Whitespace marks
Two opt-in flags that paint problematic whitespace red, so you spot it before it gets committed.
Configuration
[options]
highlight_trailing_whitespace = true
highlight_tabs = true
Both default to false. They're independent — set just the one you
want.
highlight_trailing_whitespace
Paints every space or tab in the run of whitespace after the
last non-whitespace character of a line. A \r immediately before
\n (CR-LF stragglers) is also considered trailing whitespace.
Lines that are only whitespace are entirely red.
foo··· ← three trailing spaces, all red
foo bar ← no trailing whitespace, no red
······ ← whole line is red
highlight_tabs
Paints every tab cell red, wherever the tab appears on the line.
Each tab expands to options.tab_width cells (defaulting to 4) and
all of them are painted.
→→→→foo ← red tab expansion
··→→bar ← spaces stay normal; tab at col 2-3 red
foo→bar ← tab in the middle, still red
Useful in spaces-only projects where stray tabs are bugs.
nbsp_marker
A non-breaking space (U+00A0) renders identically to a normal space, so it's
easy to introduce one by accident (a stray AltGr+space, copy-paste from a
word processor) and then wonder why a command, alignment, or shell line behaves
oddly. Set nbsp_marker to a glyph and every NBSP is shown as that glyph in a
distinct colour instead of a blank:
[options]
nbsp_marker = "·" # or "°", "+", "␣", …
The first character of the string is used. Empty (the default) leaves NBSP as a
blank. So hello·world·42! immediately distinguishes NBSP-separated text from
the normal-space hello world 42!.
Can also be toggled at runtime: :set nbsp=· (and :set nbsp= to clear).
space_marker
Show every normal space (U+0020) as a glyph, in a dim colour — vim's
listchars space:. Useful for spotting alignment and trailing/leading spaces:
[options]
space_marker = "·"
a·b·c instead of a b c. Tabs and non-breaking spaces are left to their own
markers (highlight_tabs, nbsp_marker), and a trailing space still shows its
red background (from highlight_trailing_whitespace) on top of the glyph.

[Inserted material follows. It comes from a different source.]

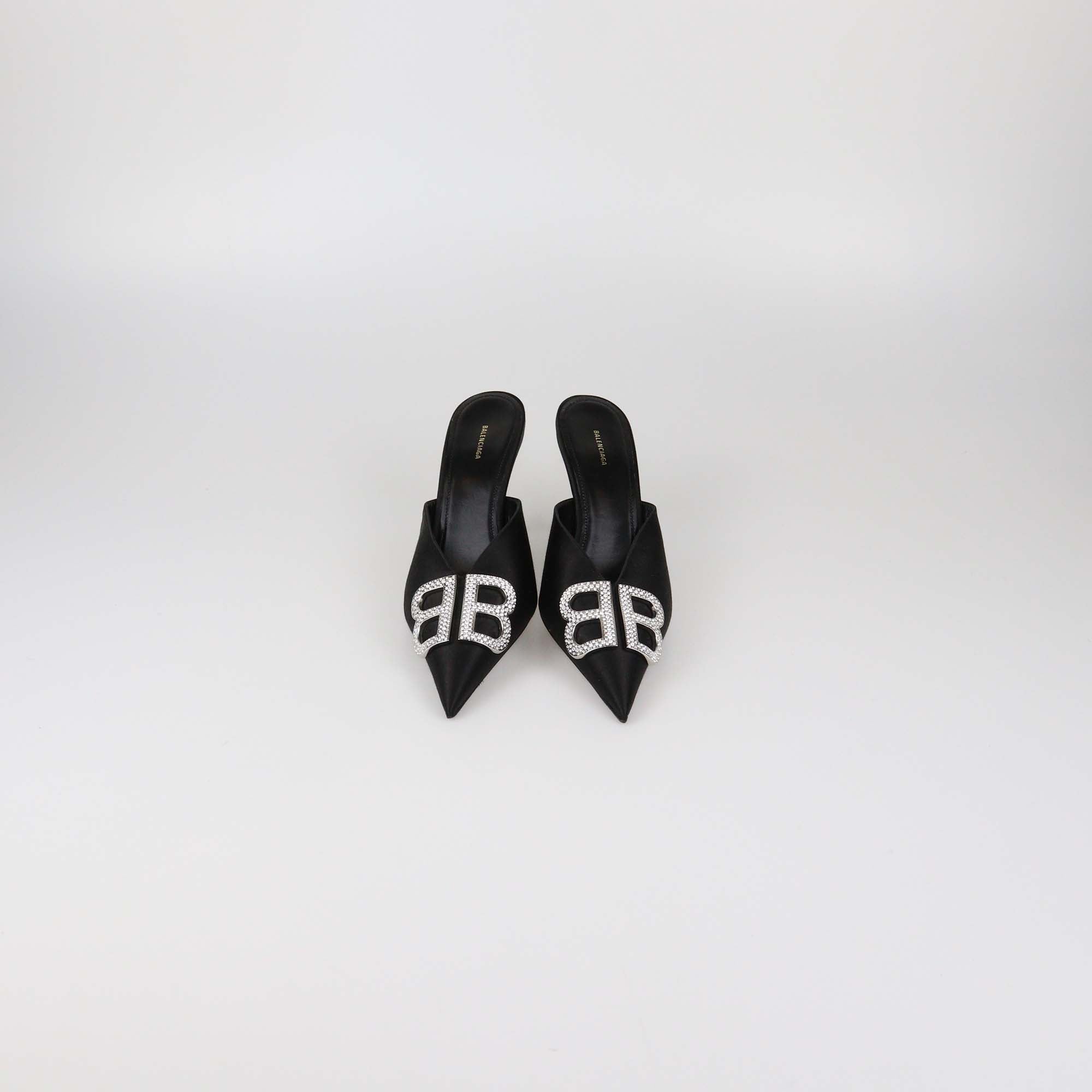 Balenciaga Black Satin Crystal BB Mules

Runtime: :set space=· (and :set space= to clear).
Both at once
Set both flags and a trailing tab (or a line of only tabs) is highlighted by either rule — they don't conflict.
Column ruler
color_column highlights one or more screen columns with a background
ruler — vim's colorcolumn — so you can see when a line is running past
your textwidth.
[options]
textwidth = 80
color_column = "80" # mark column 80
# color_column = "80,100" # several columns
# color_column = "+1" # column just past textwidth (i.e. 81 here)

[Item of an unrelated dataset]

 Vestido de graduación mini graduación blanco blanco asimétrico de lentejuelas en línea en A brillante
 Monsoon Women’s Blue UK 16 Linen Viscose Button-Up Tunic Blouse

The value is a comma-separated list of 1-based columns. An entry with
a leading +/- is taken relative to textwidth, so "+1" marks the
first column you shouldn't type into. The default is the empty string,
which turns the ruler off.
Unlike the whitespace marks, the ruler is painted across the whole
height of each real text line — including the empty cells past the end
of a short line — so it reads as a continuous vertical guide. It is not
drawn on the ~ rows below the end of the buffer.
It can also be toggled at runtime, vim-style:
:set colorcolumn=80 (aliases: :set cc=80, :set color_column=80)

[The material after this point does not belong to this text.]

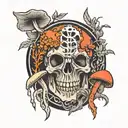 fishbone with magic mushrooms growing tattoo design idea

:set colorcolumn= clear (also :set nocolorcolumn / :set nocc)
Rendering priority
Whitespace marks sit just below the active selection but above
:highlight and syntax highlighting (see
highlights.md). That means
selected cells render as selected; everything else where a mark
fires renders red.
Why not always on?
Some files legitimately use trailing whitespace (Markdown's two-space-then-newline for hard breaks, generated test fixtures, etc.). Opt-in keeps the editor from turning into Christmas lights for users who haven't asked for it.
Implementation
src/config/mod.rs— the twoOptionsfields.src/ui/window_render.rs—build_whitespace_overlayproduces a per-cell style map; the line renderer applies it after selection but before:highlight/ syntax.color_columnsparses the ruler spec and the column background is painted straight onto the frame buffer after the text, so it spans the full line height.